Since the late 1990s the Adverse Childhood Experiences Study or ACES has been breaking new ground in understanding children's mental health. It's led to the discovery that childhood trauma can cause physical diseases, depression, mental illness, and violence later in life.

Local mental health experts say nearly 80,000 children in Bexar County live with a mental illness. They also say there is no one-size-fits-all reason why. However, between genetic components and traumatic events big or small, doctors say you can find the core issues."

Ed Dickey and his wife never expected to become advocates for mental health so late in life.

"I expected my retirement to go in a very different direction," Ed said. "Our two birth children, our family life was like a ride in Disney Land. Everything was happy and fun and cheerful and very predictable."

What wasn’t predictable was their daughter's mental health issues in college and their three adopted sons' mental health illnesses.

"It was fraught with a lot of difficulties, with tension, with unexpected problems at school, relationships," Ed said.
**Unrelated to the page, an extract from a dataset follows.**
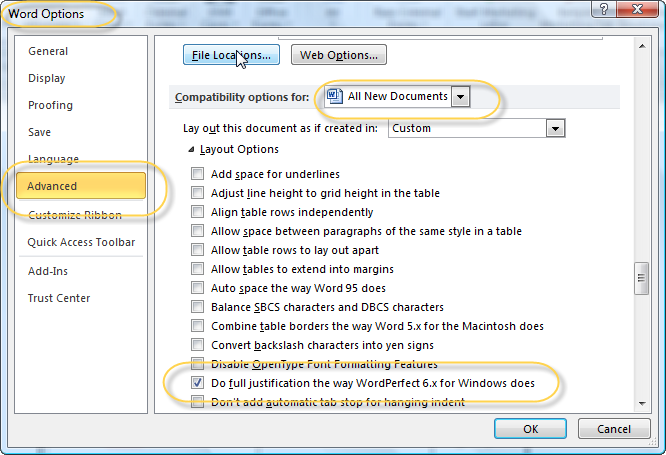 Improve full justification by switching on compatibility option to mimic Word Perfect 6.0 for Windows.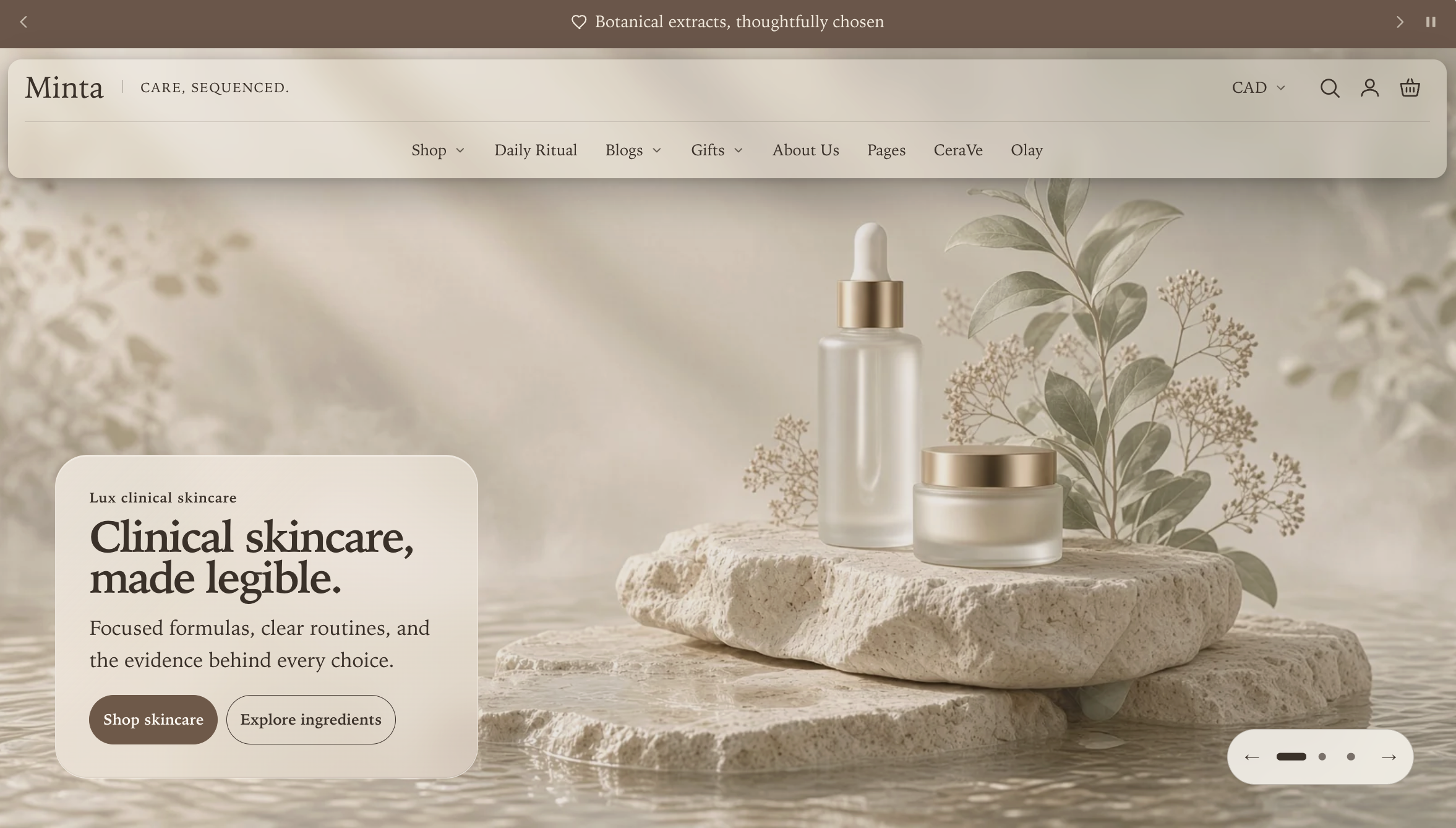 Manifest storefront with a transparent editorial navigation rail and no routine links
As a family, the Dickeys got help through Clarity Child Guidance Center and are now the faces of the Texas chapter of the National Alliance for the Mentally Ill, or NAMI.

Over the years, the reasons behind their children's issues became clearer. They believe their adopted sons inherited a tendency for mental illness from their birth mother. A genetic predisposition made worse by the breakup of their birth family.

The experts and the ACE study back up that theory.

"If a child experiences trauma and it goes untreated and we're not taking care of that child's mental health development, they at more risk of mental health issues,” Rebecca Helterbrand with Clarity Child Guidance Center said. “Interestingly, the study then correlated that to physical health."

As for their daughter, the Dickeys say her story helps break another stigma.

"Mental illness does not discriminate,” Helterbrand said. “You can be a person living in 78209 in Alamo Heights with all the advantages that wealth may bring or it could also strike someone on another side of town."

Clarity is a nonprofit that treats roughly 8,000 children a year. Often times, there is a waiting list because the demand is so high. Clarity is expanding its facility so it can treat even more people in the future. Clarity is adding 14 additional inpatient beds--six beds for psychiatric emergency services for kids, and a larger outpatient center. NAMI Texas is working with patients and their parents to continue outreach through conversation in the community.